━━ Recorded information ━━

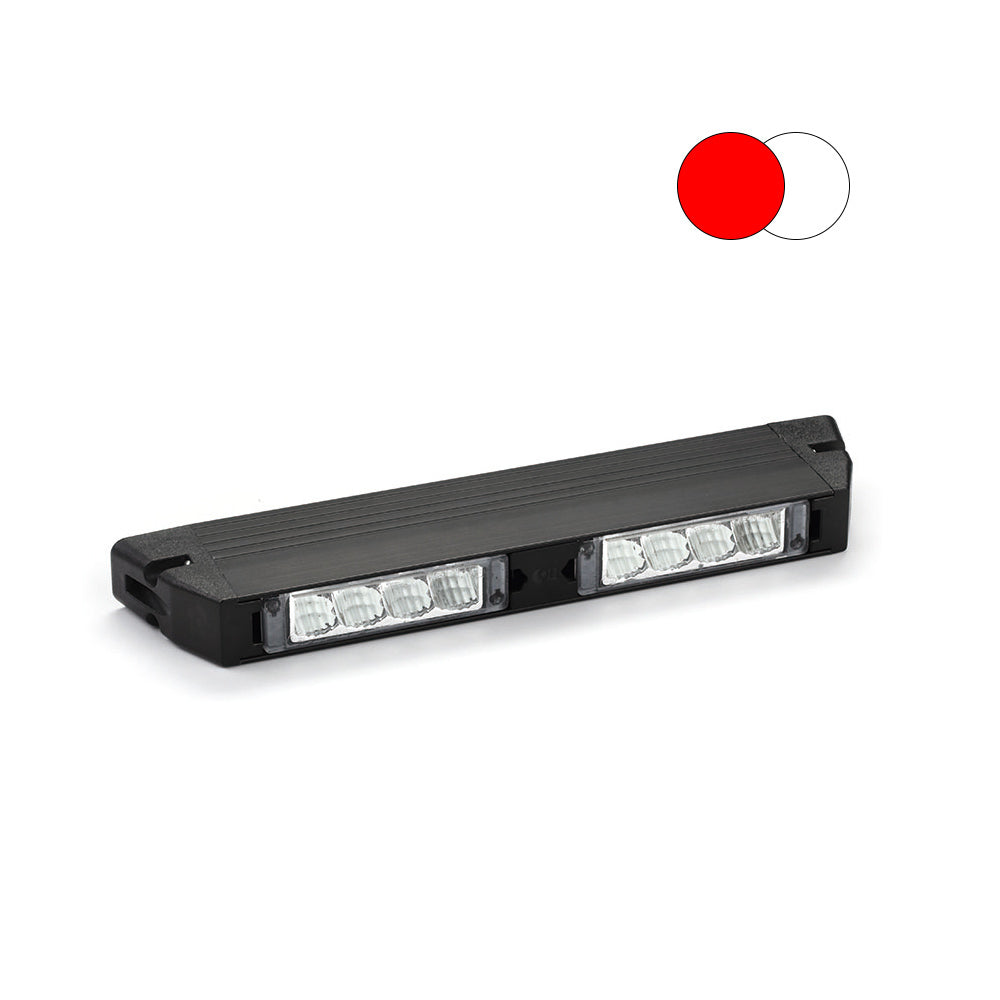 C4-2 24W 10in LED Warning Light Bar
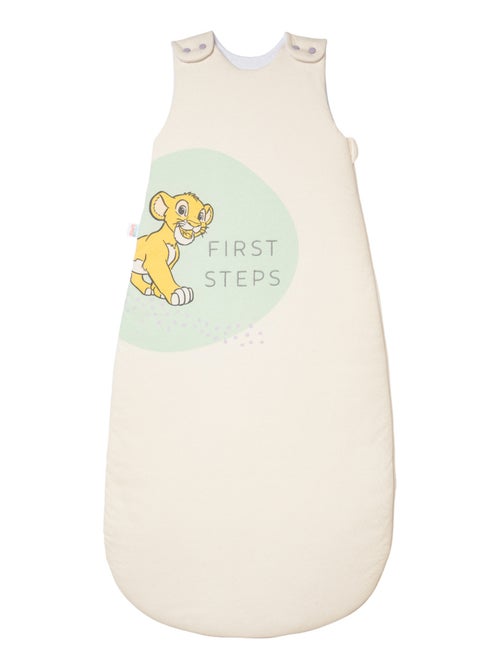 Gigoteuse 6-36 mois hiver - Roi Lion Cosy Time - Babycalin - Kiabi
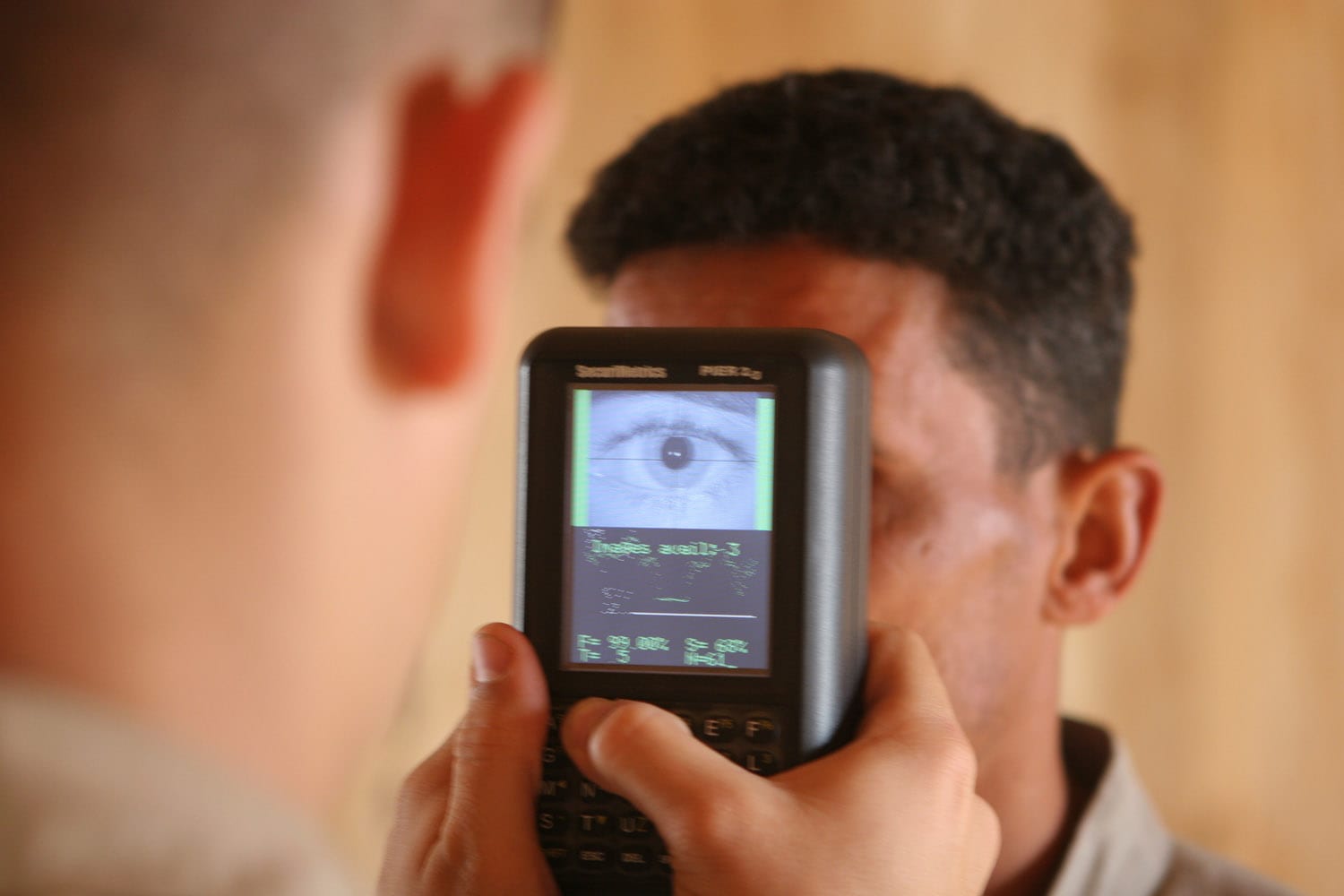 Biometria não é obrigatória nas eleições de 4 de outubro
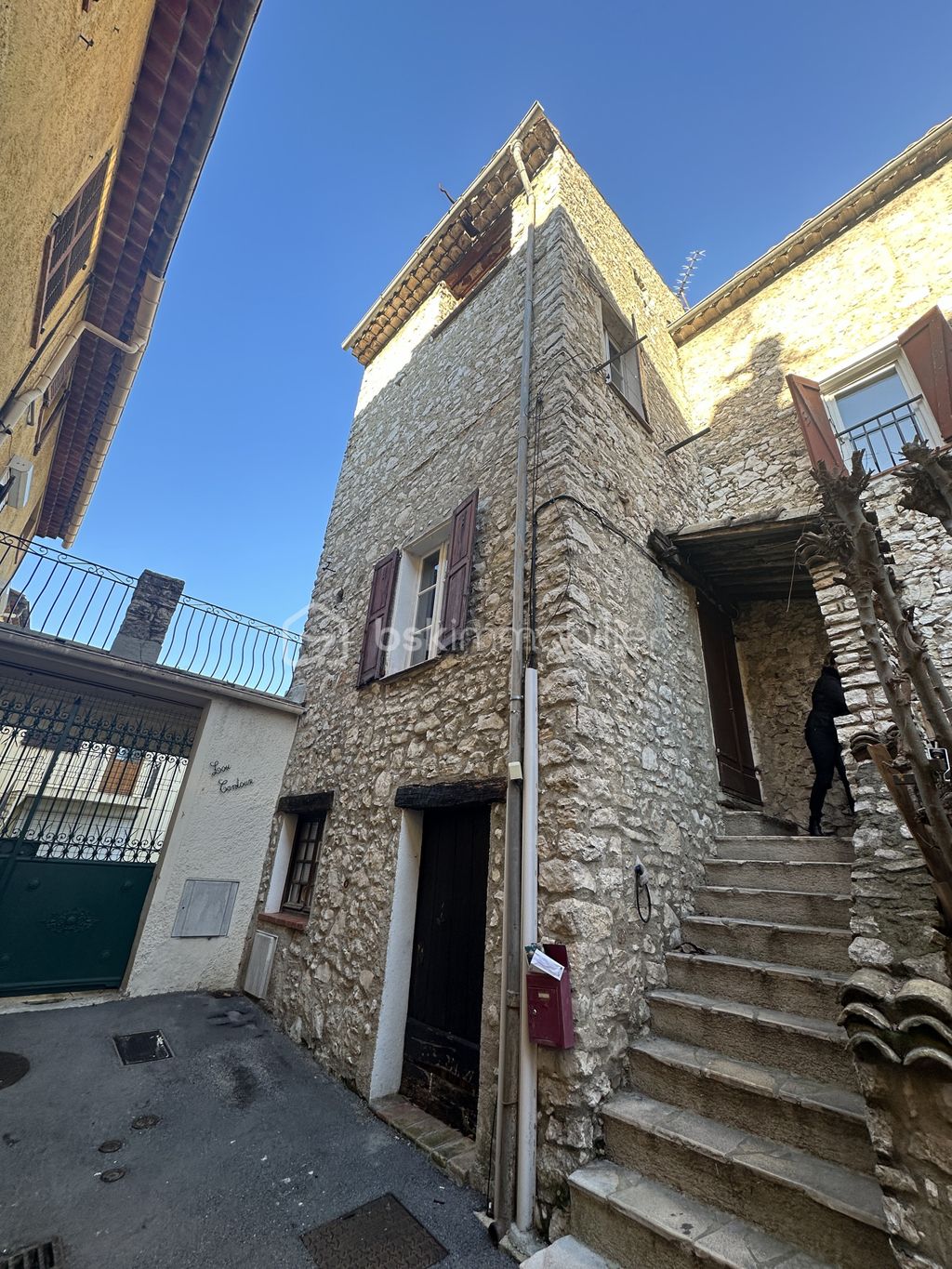 Achat maison 2 chambre(s) - La Colle-sur-Loup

━━━

> [The problem]:
Reproduce all the material exactly, omitting images.

> [Exercise output]:
 C4-2 24W 10in LED Warning Light Bar
 Gigoteuse 6-36 mois hiver - Roi Lion Cosy Time - Babycalin - Kiabi
 Biometria não é obrigatória nas eleições de 4 de outubro
 Achat maison 2 chambre(s) - La Colle-sur-Loup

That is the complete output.